Parque Rio Branco
O exército vestido com suas armaduras de andrajos laranja, com seus cavalos de plástico, munidos de pás e inchadas, todos mestiços neurastênicos, de vez em quando um fenotipicamente branco, mas bem queimado do sol, pobre, quase preto. O uniforme é da EMLURB, o campo de batalha o Parque Rio Branco, o inimigo as folhas do outono tímido do Equador.

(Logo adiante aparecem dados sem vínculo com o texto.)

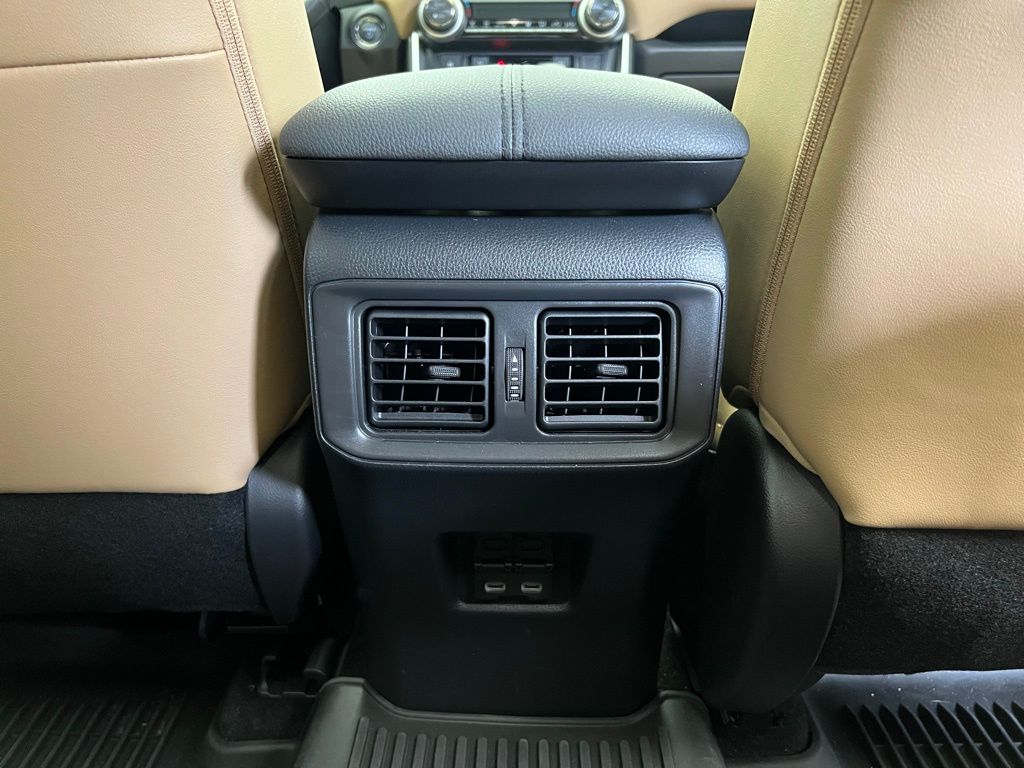 2023 Toyota RAV4 XLE Premium 10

A natureza é sempre uma cidade aberta e o exército de mercenários explorados, quase miseráveis, marcham em passo melancólico. Não cantam como os outros exércitos ao marchar, pois esqueceram-se das canções de seus avós, marcham ouvindo o cantar das árvores, uniforme e bem afinado. Vez em quando algum faz alguma troça e todos eles riem, mas logo deixam de lado o objeto de distração e vão cumprir sua missão.

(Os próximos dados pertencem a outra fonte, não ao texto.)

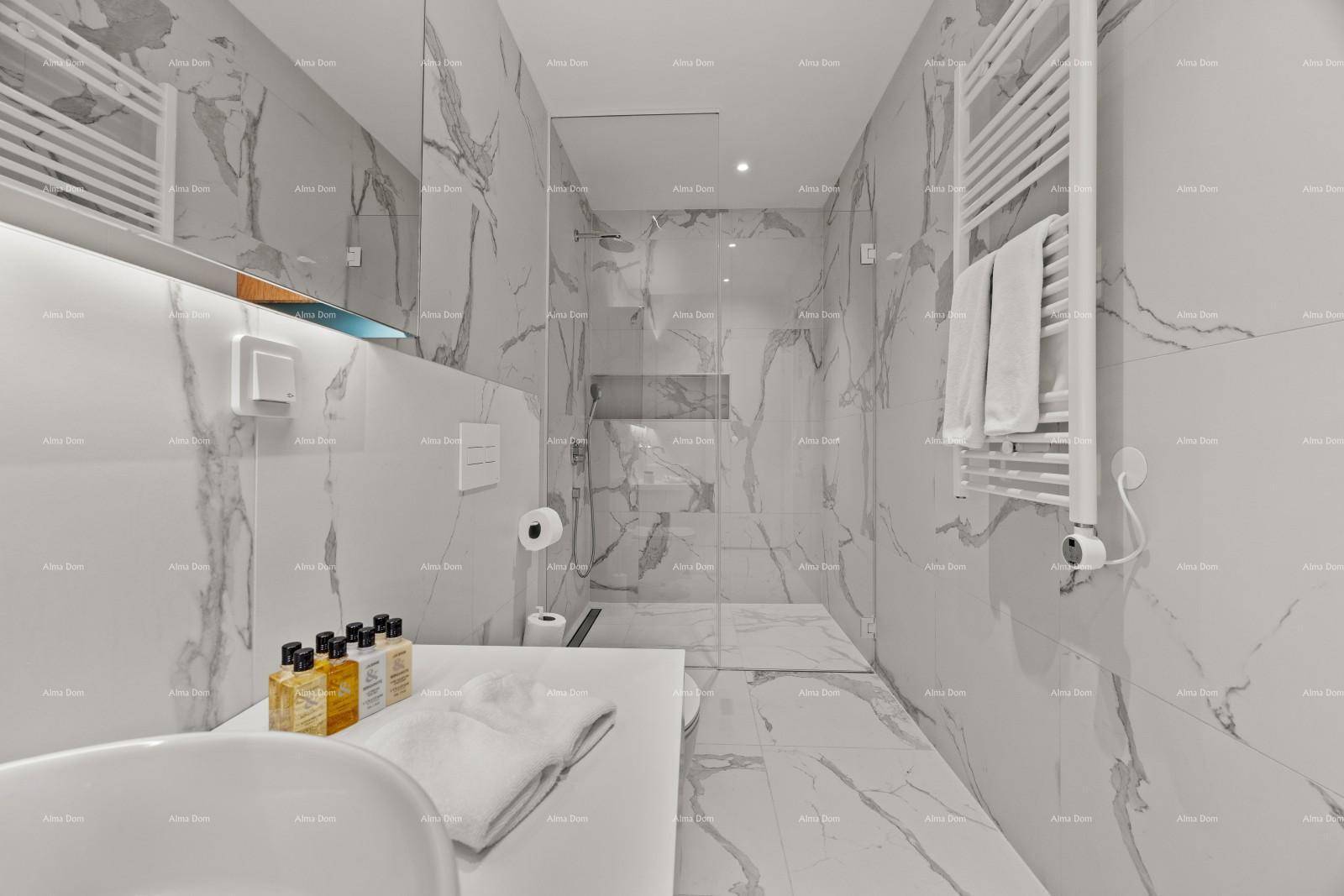 Modernes Badezimmer mit großformatigen Marmorfliesen, begehbarer Dusche und beheiztem Handtuchhalter.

As folhas vestidas da mesma cor dos inimigos, laranjas como o pôr do sol, todas aparentemente iguais, mas com cuidado notam-se singularidades em cada uma. A folha que se esconde no canal tem uma mancha verde no meio do laranjal na forma do estado do Ceará, essa outra é anã, no entanto, a mais encarnada de todas, escarlate, brilhando como um rubi, traindo o traje a rigor exigido pelo outono.
Os civis fazem cooper no parque em um universo alternativo, alheios a batalha, alheios ao exército que vasculha até o último sobrevivente que se escondem atrás de algum banco, em baixo de algum carro, dentro de algum buraco, todos vão parar em sacos pretos que logo vão se amontoando ao redor do parque e ninguém se pergunta o que aconteceu quando todas as folhas, de repente, se vão, uma a uma.
Ao final da tarde, limpo o campo de batalha, eles descansam deitados no chão comendo mangas muito verdes com sal e bebendo cachaça, fruto do solo de massapê, feita nas caldeiras de Maranguape, alternam em suas bocas a cachaça e a manga e fazem caretas. O gosto pela cachaça está em seus genes, assim como seus gênios violentos e corações grandes como nos imaginamos que Deus seja. Riem e lembram de canções antigas a muito tempo esquecidas, lembram dos aldeamentos, lembram dos campos de concentração dos refugiados da seca, lembram como perderam fortunas nos jogos de caipira, lembram de tudo isso falando que o novo meia do Fortaleza é um garoto prodígio e como o Ceará não tem chance alguma contra a nova formação defensiva arrojada, e claro irão ganhar o campeonato.
As folham unem-se partícula por partícula a leveis mais misteriosos e complexos de existência, virando energia, ficando mais perto de Deus, como toda coisa que existe se reintegra ao que não podemos ver e vão formando outras coisas; uma serra elétrica, ouro, oxigênio, um lança chamas, arsênico, napalm. Um quebra cabeça impossível de ser resolvido. Quem sabe não fizemos parte de Napoleão? Essa é a linha invisível que liga tudo e tudo parece ser realmente a mesma coisa.
Os lixeiros da EMLURB voltam no outro dia meio de ressaca e recolhem todos os sacos de folhas que deixaram no parque, colocam em seus carrinhos laranjas de plástico e partem para o Polo de Conjunto Ceará local de menos árvores e mais mato para capinar, o que torna o trabalho mais pesado. Não sobrará tempo no final do dia.